Task details
Drop the images, then output the listing exactly.

Provided material
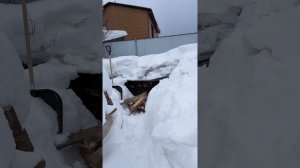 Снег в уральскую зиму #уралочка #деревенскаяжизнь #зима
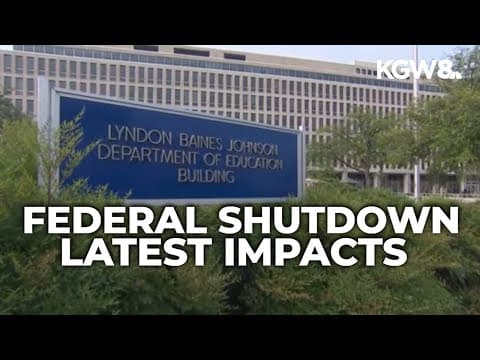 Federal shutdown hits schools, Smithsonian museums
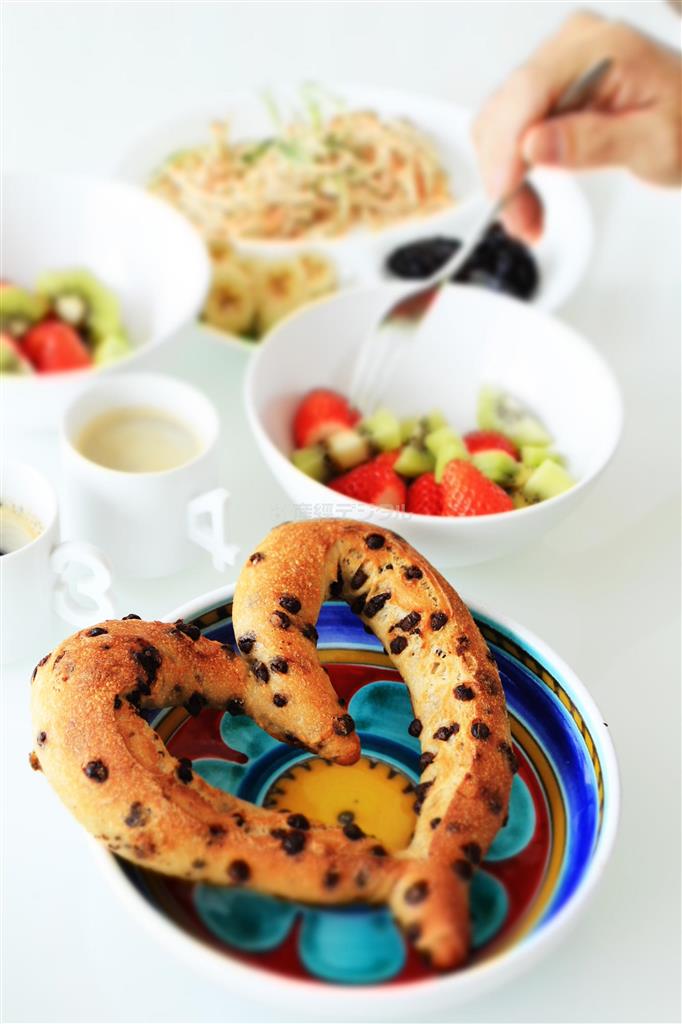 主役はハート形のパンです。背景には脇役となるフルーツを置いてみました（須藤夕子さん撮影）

Answer section
 Снег в уральскую зиму #уралочка #деревенскаяжизнь #зима
 Federal shutdown hits schools, Smithsonian museums
 主役はハート形のパンです。背景には脇役となるフルーツを置いてみました（須藤夕子さん撮影）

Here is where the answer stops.